“Sahara Debate” has hosted a score of public figures of several nationalities, who expressed support for Morocco’s position in Western Sahara and satisfaction with Morocco’s policy in favor of the local population in the southern regions.
Rabat – Former Malagasy Minister of Agriculture Ramanoelina Panja has joined a growing list of public figures that have publicly recognized Morocco’s sovereignty over Western Sahara in a virtual debate program.
Panja was the newest guest of “Sahara Debate,” an online talk show seeking to shed a spotlight on the Western Sahara regional conflict.
During the 18th episode of the show, Panja spoke in an eight minute video about the UN-led political process to resolve the Western Sahara conflict and Morocco’s diplomatic advancements throughout the years.
Panja, who is also a member of the Board of Directors of the Agence universitaire de la Francophonie (AUF), sought to raise awareness of the support the UN process has earned from the African Union.
He said the support is evident through the opening of diplomatic representations of several African countries in Laayoune and Dakhla.
Panja referenced Morocco’s peaceful approach to resolve the conflict since its onset, after the withdrawal of Spanish colonization from the region in 1975.
“The kingdom of Morocco has been determined to peacefully settle this dispute,” Panja said, recalling the Moroccan Autonomy Plan of 2007.
The Malagasy academic referenced Morocco’s proposal to grant the region significant autonomy within the framework of the sovereignty of Morocco.
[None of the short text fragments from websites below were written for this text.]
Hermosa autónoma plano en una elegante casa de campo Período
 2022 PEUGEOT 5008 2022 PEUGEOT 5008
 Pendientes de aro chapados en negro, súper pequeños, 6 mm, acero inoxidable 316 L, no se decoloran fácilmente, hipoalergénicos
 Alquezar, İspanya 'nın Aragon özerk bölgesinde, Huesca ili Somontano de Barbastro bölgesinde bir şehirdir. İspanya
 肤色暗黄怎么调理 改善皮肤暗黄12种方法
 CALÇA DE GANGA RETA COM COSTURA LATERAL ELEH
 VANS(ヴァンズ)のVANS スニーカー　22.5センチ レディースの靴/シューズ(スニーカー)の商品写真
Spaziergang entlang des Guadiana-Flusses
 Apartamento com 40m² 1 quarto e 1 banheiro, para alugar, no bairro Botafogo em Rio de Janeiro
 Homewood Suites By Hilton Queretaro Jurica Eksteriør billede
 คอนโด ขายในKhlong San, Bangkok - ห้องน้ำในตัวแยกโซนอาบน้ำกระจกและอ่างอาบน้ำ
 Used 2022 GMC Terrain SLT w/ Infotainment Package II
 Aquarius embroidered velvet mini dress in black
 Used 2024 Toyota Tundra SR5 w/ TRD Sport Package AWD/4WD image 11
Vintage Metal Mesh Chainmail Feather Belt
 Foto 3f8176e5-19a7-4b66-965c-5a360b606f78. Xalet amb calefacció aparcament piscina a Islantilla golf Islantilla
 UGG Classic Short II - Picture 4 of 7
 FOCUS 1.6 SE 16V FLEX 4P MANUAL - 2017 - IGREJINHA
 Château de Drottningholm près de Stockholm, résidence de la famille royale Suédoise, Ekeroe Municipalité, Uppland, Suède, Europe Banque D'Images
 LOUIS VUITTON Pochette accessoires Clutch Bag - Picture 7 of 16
The proposal aims to reach a final solution to the decades-long dispute.
African Union support for the UN-led political process
During his online lecture, Panja spoke about the failed mediation intervention of the Organization of African Unity (OAU). This led to the initiation of the UN-led political process, which has garnered support from many African countries.
Panja then recalled the African Union’s July 2017 Decision 653 on Western Sahara.
The decision stipulates that the efforts of the African organization support those of the UN. It urges the pan-African organization and its bodies to ensure “appropriate support to the efforts of the UN Secretary-General” to reach an agreed upon and a mutually acceptable solution to end the conflict.
The decision nullified all of Polisario and Algeria’s attempts to involve the African Union, namely through a referendum, and the official hostility of some African countries in the conflict.
However, Algeria continues to express hostile vows to challenge Morocco’s territorial integrity and sovereignty over Western Sahara.
Morocco’s North African neighbor finances, supports, and hosts the Polisario Front and its militias in the Tindouf camps, where thousands of Sahrawis live under alleged dire conditions.
The Malagasy university professor said Decision 653 “reaffirms the exclusivity of the UN” to review the conflict and mediate between its parties to find a political solution.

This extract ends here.